DATASET RECORDS ▸
-------

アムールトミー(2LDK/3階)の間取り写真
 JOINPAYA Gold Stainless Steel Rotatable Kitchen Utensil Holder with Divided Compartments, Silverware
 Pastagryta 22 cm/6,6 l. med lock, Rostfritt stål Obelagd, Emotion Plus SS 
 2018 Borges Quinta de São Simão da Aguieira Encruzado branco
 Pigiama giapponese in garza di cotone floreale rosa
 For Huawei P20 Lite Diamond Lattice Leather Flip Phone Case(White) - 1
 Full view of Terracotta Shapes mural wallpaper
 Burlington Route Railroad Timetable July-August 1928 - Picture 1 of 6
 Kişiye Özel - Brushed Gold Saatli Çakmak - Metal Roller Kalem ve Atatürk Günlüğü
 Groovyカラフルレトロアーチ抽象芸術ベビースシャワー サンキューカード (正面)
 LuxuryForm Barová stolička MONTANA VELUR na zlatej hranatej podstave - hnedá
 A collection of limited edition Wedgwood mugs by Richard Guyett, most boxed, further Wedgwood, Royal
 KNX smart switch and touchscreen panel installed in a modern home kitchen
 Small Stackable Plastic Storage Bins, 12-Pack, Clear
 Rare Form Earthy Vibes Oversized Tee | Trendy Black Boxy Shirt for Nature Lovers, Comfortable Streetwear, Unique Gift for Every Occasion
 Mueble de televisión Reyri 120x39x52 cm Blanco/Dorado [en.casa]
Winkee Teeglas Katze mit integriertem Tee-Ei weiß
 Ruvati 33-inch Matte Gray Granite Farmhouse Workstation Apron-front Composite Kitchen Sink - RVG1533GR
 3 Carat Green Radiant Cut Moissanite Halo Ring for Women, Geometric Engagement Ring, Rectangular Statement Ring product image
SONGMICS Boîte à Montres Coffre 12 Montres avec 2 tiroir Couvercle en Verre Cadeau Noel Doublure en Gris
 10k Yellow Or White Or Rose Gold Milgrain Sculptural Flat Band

-------

ACTION ITEM ▸ Copy the records exactly, keeping every word in place.

WORKED SOLUTION ▸
アムールトミー(2LDK/3階)の間取り写真
 JOINPAYA Gold Stainless Steel Rotatable Kitchen Utensil Holder with Divided Compartments, Silverware
 Pastagryta 22 cm/6,6 l. med lock, Rostfritt stål Obelagd, Emotion Plus SS 
 2018 Borges Quinta de São Simão da Aguieira Encruzado branco
 Pigiama giapponese in garza di cotone floreale rosa
 For Huawei P20 Lite Diamond Lattice Leather Flip Phone Case(White) - 1
 Full view of Terracotta Shapes mural wallpaper
 Burlington Route Railroad Timetable July-August 1928 - Picture 1 of 6
 Kişiye Özel - Brushed Gold Saatli Çakmak - Metal Roller Kalem ve Atatürk Günlüğü
 Groovyカラフルレトロアーチ抽象芸術ベビースシャワー サンキューカード (正面)
 LuxuryForm Barová stolička MONTANA VELUR na zlatej hranatej podstave - hnedá
 A collection of limited edition Wedgwood mugs by Richard Guyett, most boxed, further Wedgwood, Royal
 KNX smart switch and touchscreen panel installed in a modern home kitchen
 Small Stackable Plastic Storage Bins, 12-Pack, Clear
 Rare Form Earthy Vibes Oversized Tee | Trendy Black Boxy Shirt for Nature Lovers, Comfortable Streetwear, Unique Gift for Every Occasion
 Mueble de televisión Reyri 120x39x52 cm Blanco/Dorado [en.casa]
Winkee Teeglas Katze mit integriertem Tee-Ei weiß
 Ruvati 33-inch Matte Gray Granite Farmhouse Workstation Apron-front Composite Kitchen Sink - RVG1533GR
 3 Carat Green Radiant Cut Moissanite Halo Ring for Women, Geometric Engagement Ring, Rectangular Statement Ring product image
SONGMICS Boîte à Montres Coffre 12 Montres avec 2 tiroir Couvercle en Verre Cadeau Noel Doublure en Gris
 10k Yellow Or White Or Rose Gold Milgrain Sculptural Flat Band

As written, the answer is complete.